This is a topic of constant controversy in this forum, and for one of the more recent go-arounds see the thread containing my posting
here. It's controversial because John C. Bogle himself believes international investing is not
necessary, and says if you want to do it anyway, OK, but don't go over 20% of your stock allocation. Within the forum, that is a minority view and one area in which many Bogleheads are willing to say, simply, "I think Bogle is wrong."
Sandip Bhagat, who is some fairly high-ranking person at Vanguard, has written a Vanguard Research and Commentary article entitled Global investing trap: Multinational not the same as international
which lays out the case for multinational domestic companies not being equivalent to international investing.
For allocation of stocks to international, Vanguard officially recommends a wide range in which the minimum is 20%, and the maximum is full global cap-weighted (which is about 55-60% international). In the forum, there are a number of posters arguing very strongly for full global cap-weighting, which can be conveniently obtained in a single Vanguard fund, the Vanguard Total World Stock Index Fund.
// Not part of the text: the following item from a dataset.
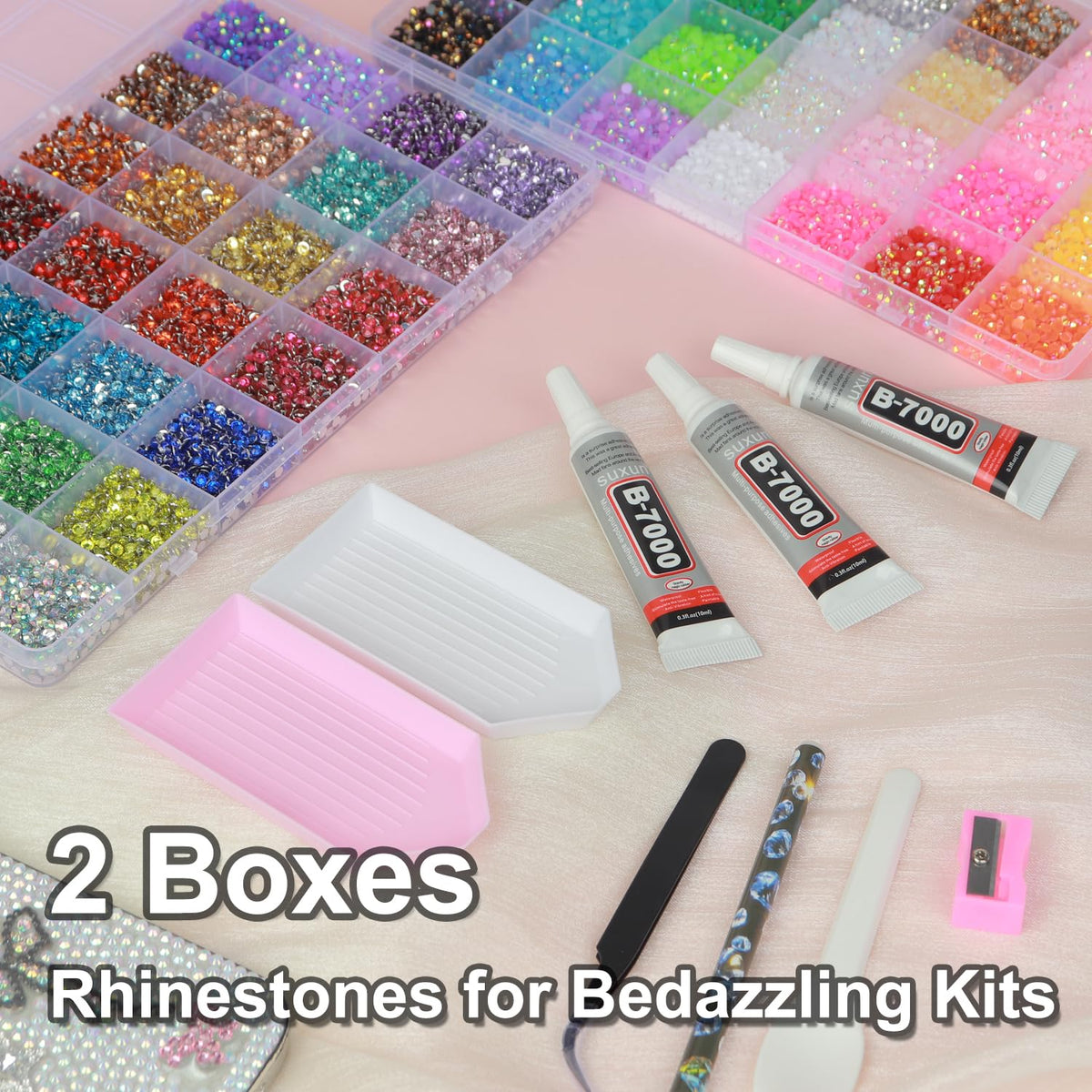 56 Colors Rhinestones for Bedazzling Kit, 2 Boxes 3mm Resin Jelly Flatback Gems with 3Pcs 10ml B7000 Glue, Multicolor Rhinestone Bedazzle Set for DIY Crafts, Clothing, Shoes, Nails Decoration 🍁 All In One Marketplace Canada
Despite all that, and despite an obvious trend for ever-increasing international allocation recommendations, correlations between U.S. and international stocks are
high, and have probably been increasing, possibly because
of globalization and big corporations being increasingly multinational.
The interesting thing about all this is that despite strong opinions, usually expressed with high degrees of confidence, the actual data is sufficiently ambiguous and weak that it can be and is argued indefinitely. Over the past decade, international has helped portfolios, but that is mostly because of currency factors--the dollar weakening a lot over 2002-2008--not because of diversification in the behavior of national stock markets as such.
Regardless of whether the S&P 500 is globalized, these days the idea of holding no international at all is definitely out of the mainstream of investment thinking.
Annual income twenty pounds, annual expenditure nineteen nineteen and six, result happiness; Annual income twenty pounds, annual expenditure twenty pounds ought and six, result misery.